How To Sell With Noble Purpose

How To Sell With Noble Purpose

In Selling with Noble Purpose, Lisa Earle McLeod shows how sellers who understand the difference they make in customers’ lives enjoy both better closing rates and greater job satisfaction. She explains how to develop a “Noble Sales Purpose” (NSP) using a three-step process and then guides sales team leaders on the path to creating an organization that truly lives that purpose. The NSP transforms sales training, replaces counterproductive sales incentives, and creates purpose-driven salespeople who have a customer-first mindset for every call. Stories from the field illustrate how an NSP can dramatically improve sales results. McLeod provides practical advice for sellers, sales managers, and anyone who wants their organization to reflect a noble purpose.

Adopting a Noble Sales Purpose (NSP)-a vision of the salesperson as someone who improves customers’ lives-enhances job satisfaction and helps close more sales.

The NSP works because it taps into the deep-seated human desire for connecting with others and for serving a higher purpose, a transcendent ideal.

Too often profit crowds out the NSP. Profit is merely one of six facets of a successful organization. Purpose is the central focus; the others are process, product, promotion, and people.

Sales managers should go beyond asking salespeople what they need to close a deal and how well they are achieving their revenue targets. They should ask, “How are you making a difference in your customers’ lives?”

Many sales organizations run on fear: fear of the overbearing sales manager, fear of missing quotas, or fear of being outshone by teammates. Customers sense fear in a salesperson and are less likely to trust that such a seller has their best interests at heart. Job satisfaction is low in such organizations.

Gains from skills-based sales training dissipate rapidly. Instead, sales training should help sellers develop a customer-first mindset. Selling skills flow from the proper mindset.

Company narratives-stories of the differences the company has made in customers’ lives-provide great support for an NSP. They remind customers and sellers alike of the organization’s higher purpose. Similarly, recording and shared sales-call case studies boost morale.

Sales managers should strive for interactive sales meetings in which salespeople share their experiences with one another. PowerPoint decks and one-way communications from management sap sales teams’ morale.

Organizations that adopt an NSP become purpose driven and realize many benefits. The NSP becomes a touchstone for decision making, reduces turf wars by obligating disparate departments to a common purpose, and helps salespeople become more centered and less frantic on their sales calls. A significant increase in sales follows.

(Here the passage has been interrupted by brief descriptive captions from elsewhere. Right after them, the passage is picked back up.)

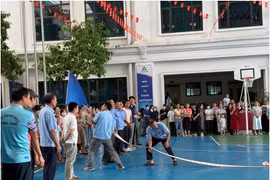 Khoảng 300 cán bộ, giáo viên nâng cao kỹ năng phòng cháy chữa cháy và cứu nạn cứu hộ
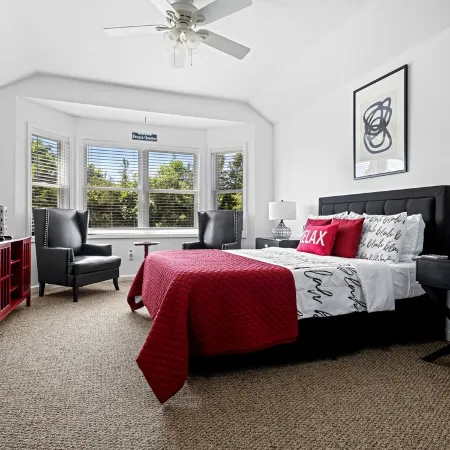 Cheerful 6-bedroom residential home with pool and jacuzzi. Short walk to the bay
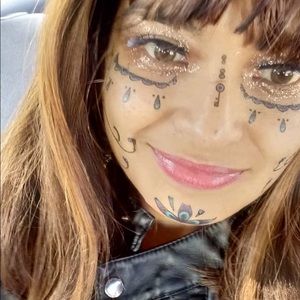 Meet your Posher, Alba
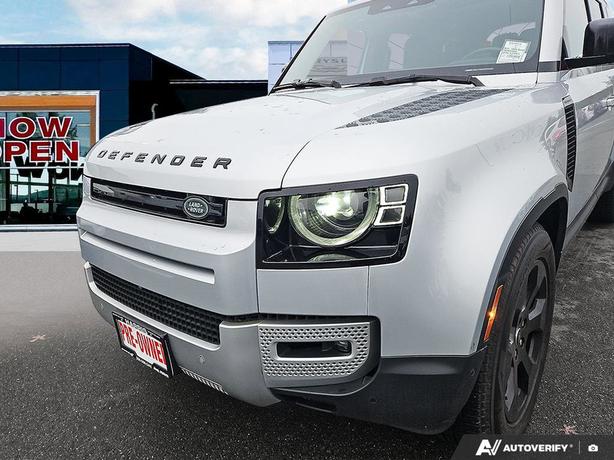 2021 Land Rover Defender S AWD | Heated Seats | Sunroof! image 8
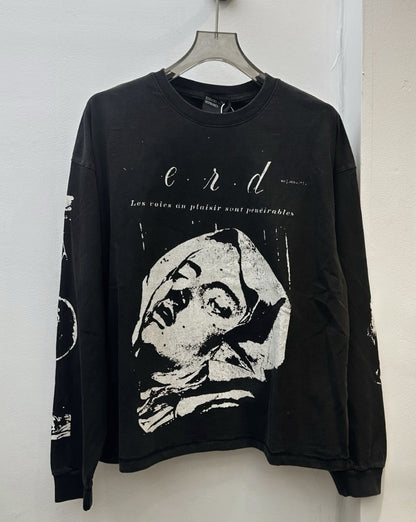 Camiseta Melancólica con Estampado de Retrato Ilustrado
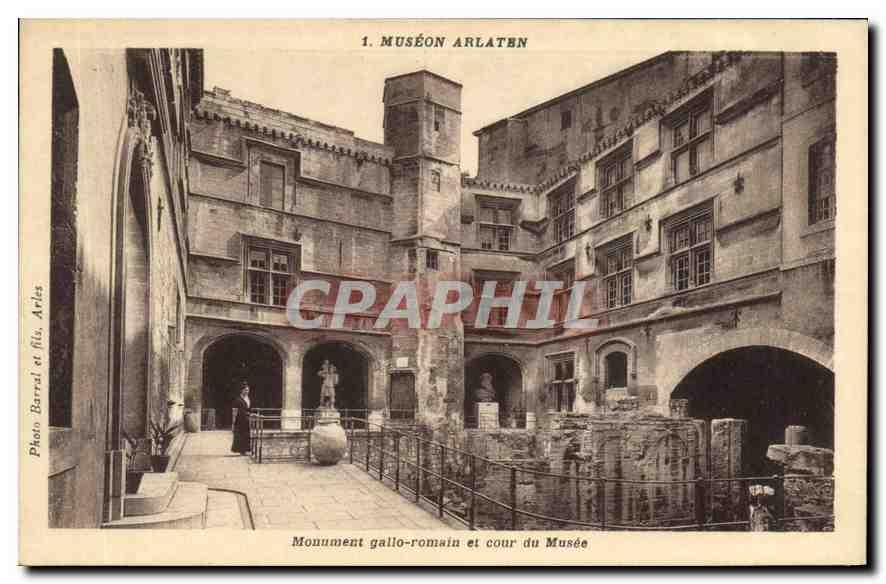 CPA Museon Arlaten Monument gallo romain et cour du Musee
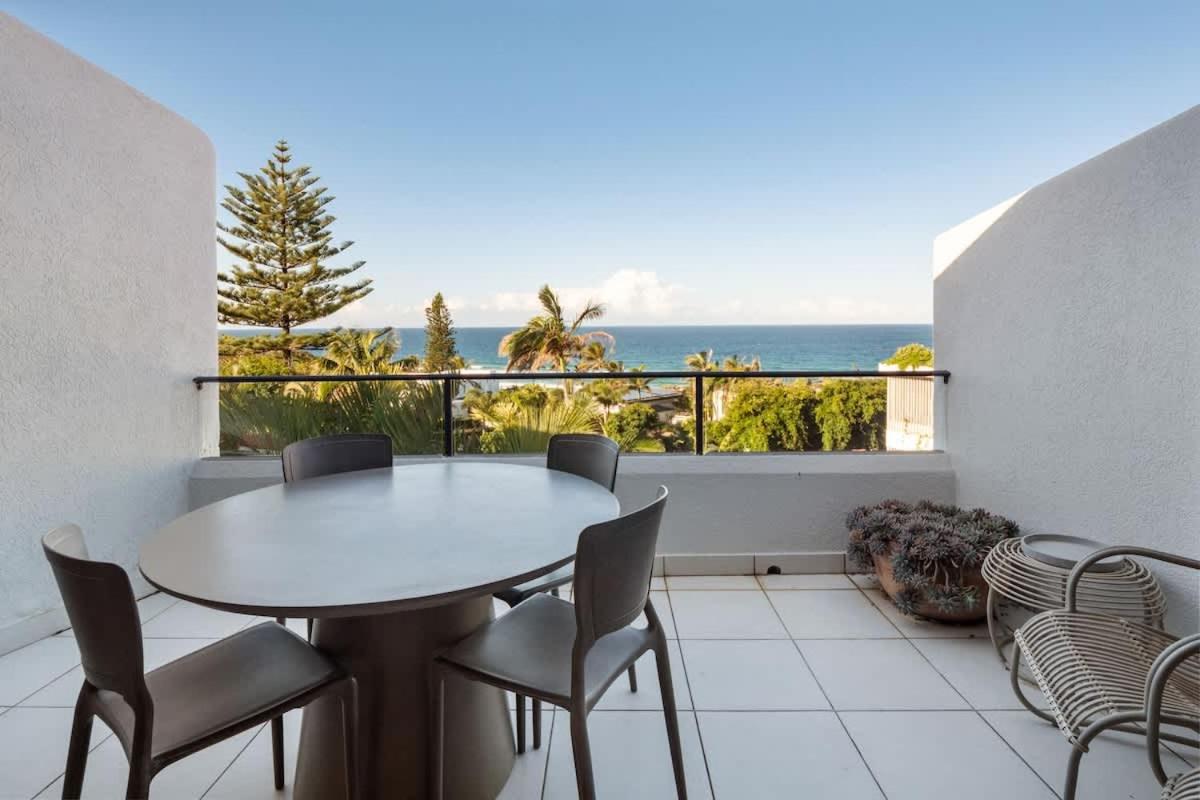 Charming Mediterranean Villa Ocean Views & Pool - B&B Sunshine Beach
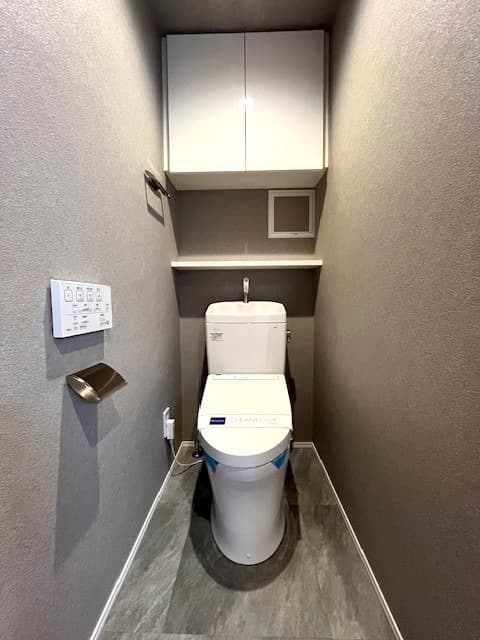 Room image 13
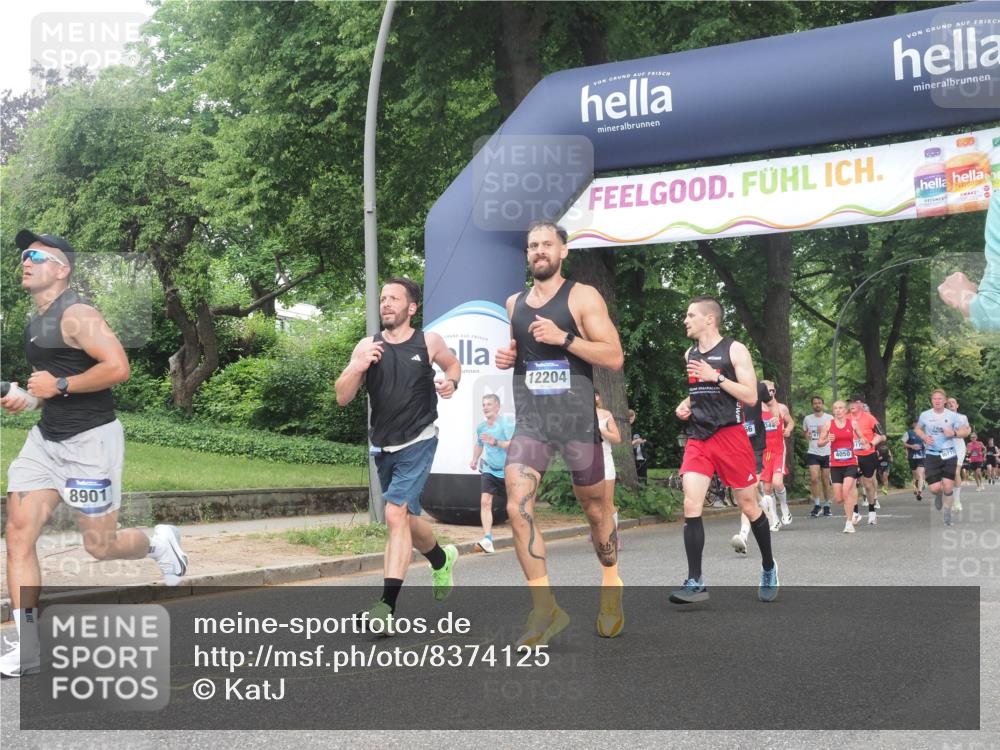 29.06.2025 - hella hamburg halbmarathon KatJ http://msf.ph/oto/8374125 29.06.2025 10:24:09 Zwischen KM18-KM19 1344, 7466, 7867 meine-sportfotos.de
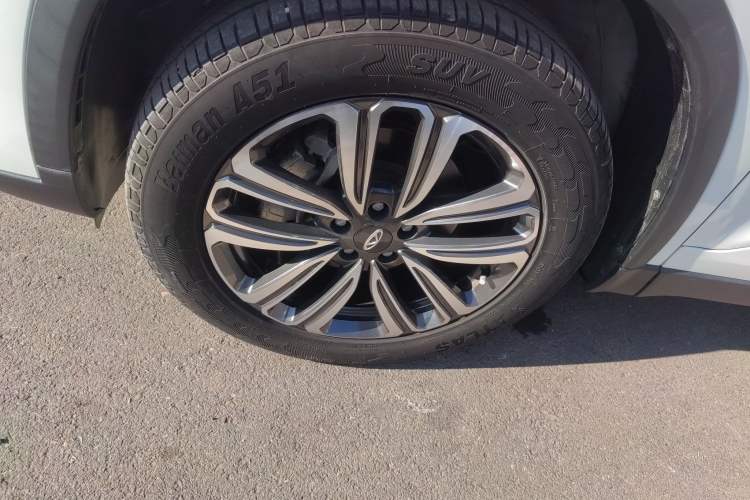 Used Chery Tiggo 8 2023 Kunpeng Edition 290TGDI Automatic Excellence Model Left Front Wheel Hub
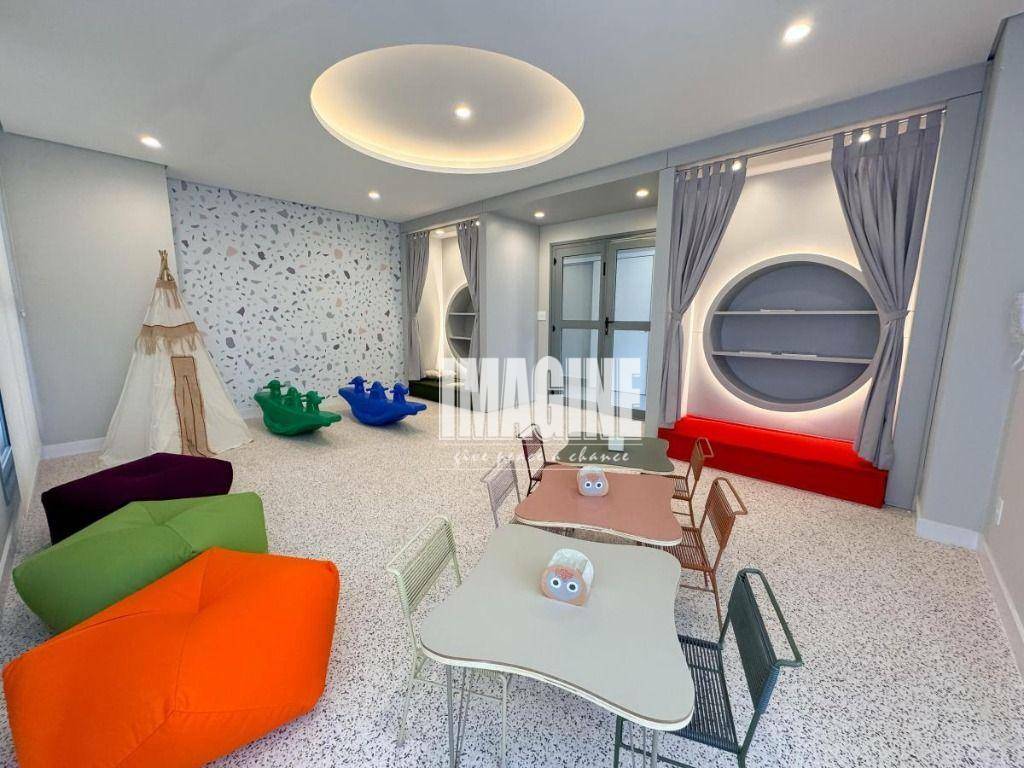 Apartamento à venda com 2 quartos, 79m² - Foto 15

Selling with Noble Purpose is aimed at business-to-business salespeople and their managers. The book should be read in chronological order. Part I explains how to create a purpose-driven company and sales team; Part II outlines the many benefits of an NSP in various contexts; and Part III provides practical advice for sales managers who want to build purpose-driven sales teams. Most chapters end with a “do one thing” idea for implementing the chapter’s suggestions. A companion website provides additional resources, such as a template for creating case studies like those discussed in Chapter 11. The book also includes a comprehensive index that is helpful when using the book as a reference.